Laura Briggs, University of Massachusetts Amherst
Comment: Suzanna Danuta Walters , Northeastern University
The collision of two forces—increasing unpaid care burdens and ever more need for wage labor—have conspired over the past 40 years to radically reconfigure both families and political common sense in particularly racialized ways. Briggs argues that this issue has driven nearly every other significant policy debate in the US since the 1970s: not just abortion and daycare, but feminism in general, welfare, immigration, gay marriage, and in vitro fertilization.
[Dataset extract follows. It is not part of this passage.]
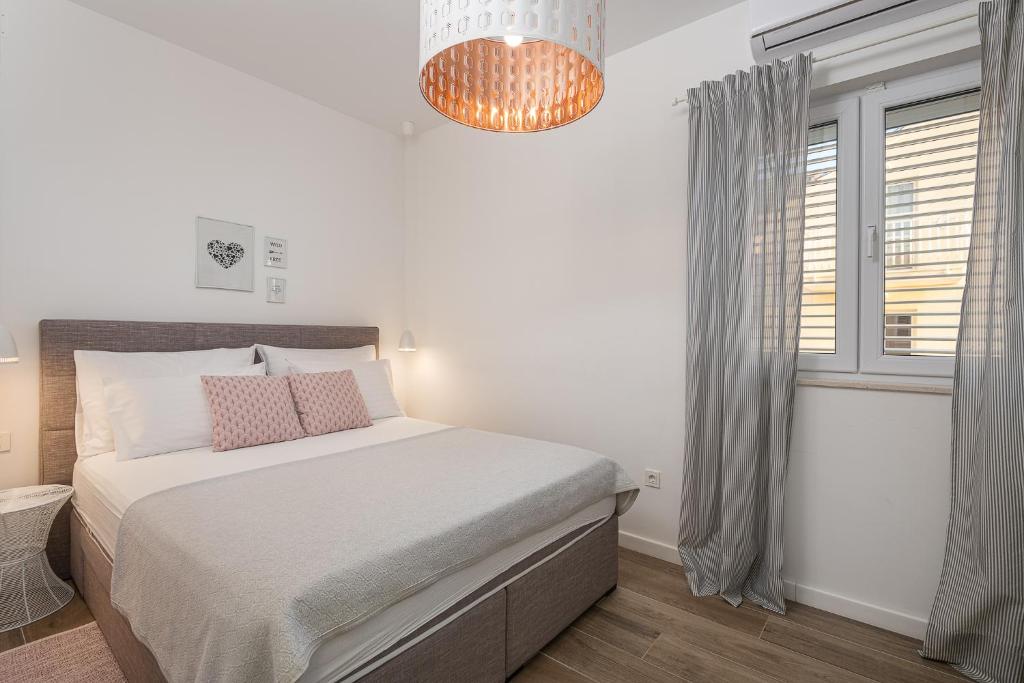 Posteľ alebo postele v izbe v ubytovaní Apartments Villa Maria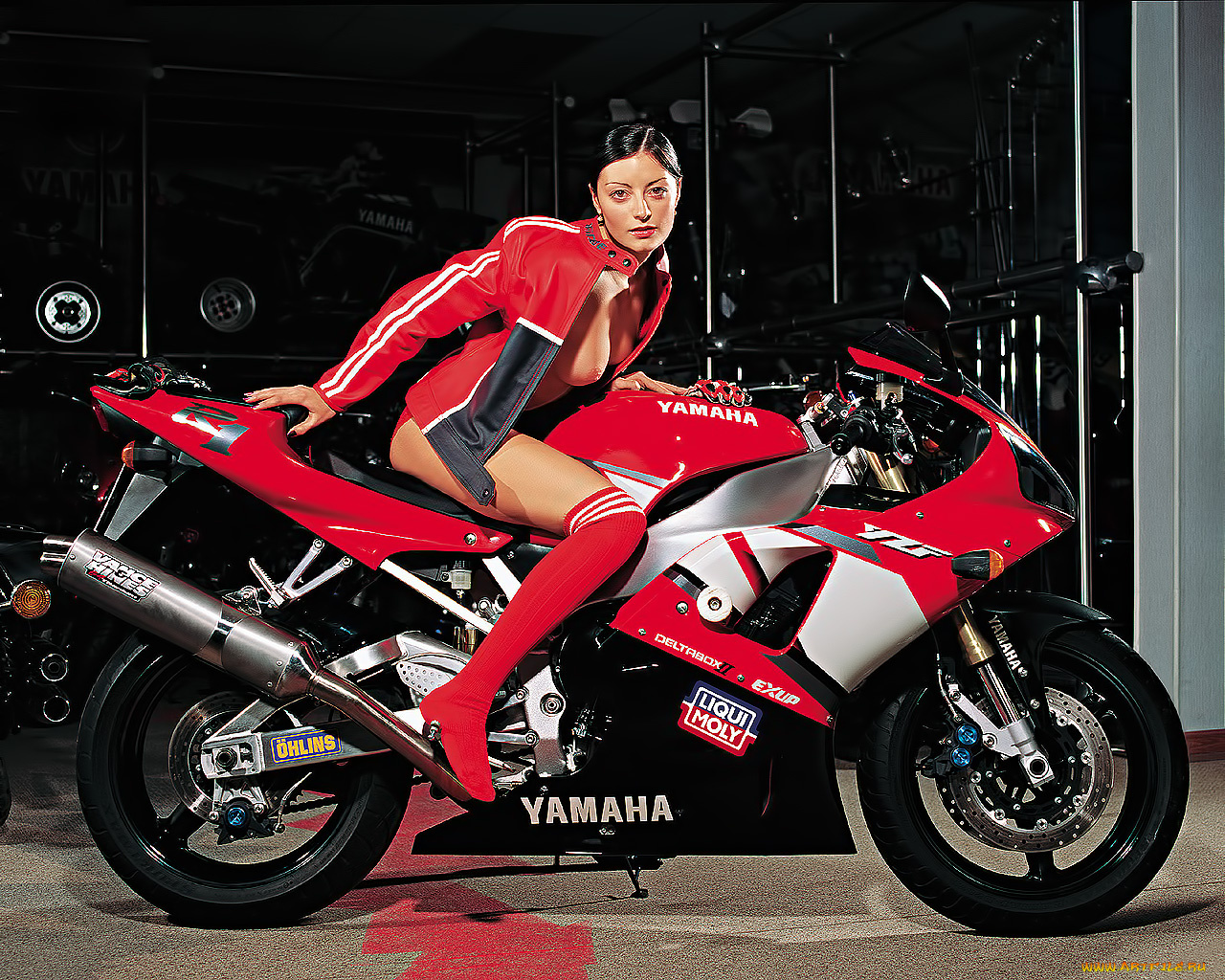 мотоциклы, мото, девушкой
Welfare reform was a “who cares for the children” fight; gay marriage cases have been decided in terms of “the children”; the majority of immigrants to the US are women, disproportionately doing care work; and in vitro fertilization is about the necessity of delaying childbearing into one’s 30s in the US, when fertility begins to be reduced. Furthermore, this is by no means a white middle-class or US problem. While being out of the labor force may seem like a privilege particularly of white US suburbanites in the 1950s, both the care crunch and the need to work longer and longer days for shrinking wages have disproportionately affected working-class people, people of color, and a growing segments of the Third World. The ways individuals, households, and communities grind up against these issues accounts for a great deal, including why race, gender, and reproduction have been such central issues in the US and beyond since at least the 1970s.